The data file contains information on 76 single-family homes in Eugene, Oregon during 2005. At the time the data were collected, the data submitter was preparing to place his house on the market and it was important to come up with a reasonable asking price. Whereas realtors use experience and local knowledge to subjectively value a house based on its characteristics (size, amenities, location, etc.) and the prices of similar houses nearby, regression analysis provides an alternative that more objectively models local house prices using these same data. Better still, realtor experience can help guide the modeling process to fine-tune a final predictive model. For example, both realtor experience and regression modeling results suggest the need for a BathBed interaction term and an Age-squared transformation in the model.
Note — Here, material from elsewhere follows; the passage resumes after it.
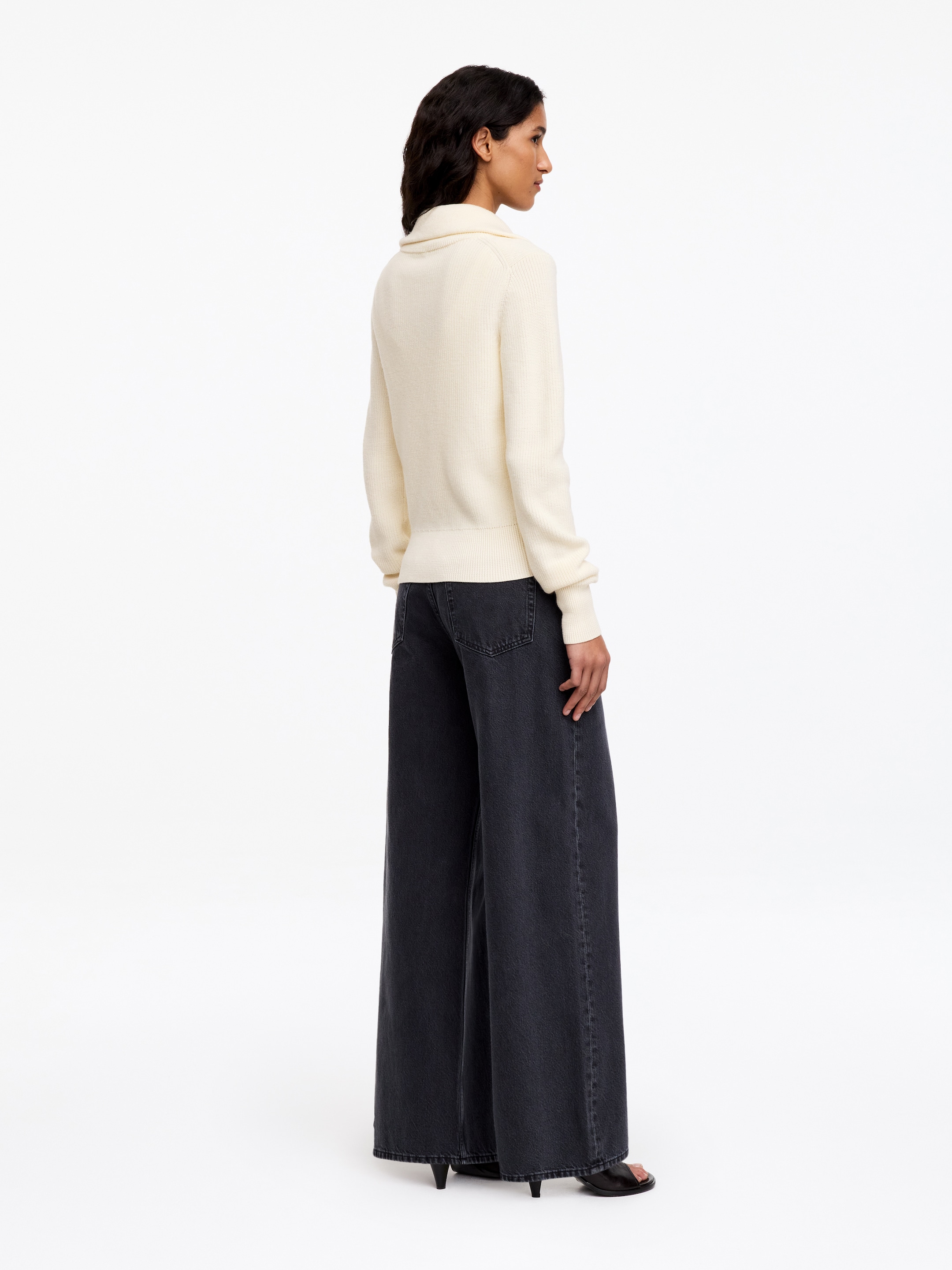 Wool-Cotton Zip Cardigan - Off White - Regular fit - Women - StillMedia/Lookbook - 10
# Url where the data is located
fileUrl <- "http://www.amstat.org/publications/jse/datasets/homes76.dat.txt"
# Set working directory to where you want to save the file
setwd("/home/tarek/IntroductionToDataScience")
# If homes76.txt does not exist then download it
if (!file.exists("homes76.txt")) {
download.file(fileUrl, destfile="homes76.txt")}
# Read data
hdata <- read.table("homes76.txt", header=T, sep='\t')
# Rename columns
colnames(hdata) <- c('id', 'Price', 'Size', 'Lot', 'Bath', 'Bed', 'BathBed', 'Year',
'Age','Agesq', 'Garage', 'Status', 'Active', 'Elem',
'Edison Elementary', 'Harris Elementary', 'Adams Elementary',
'Crest Elementary', 'Parker Elementary')
library(ggplot2)
p <- ggplot(data=hdata,aes(x=Price, y=Size))
p + geom_point() + geom_smooth(method='loess') +
xlab("Price, Thousands of Dollars") +
ylab("Size, Thousands of Square Feet")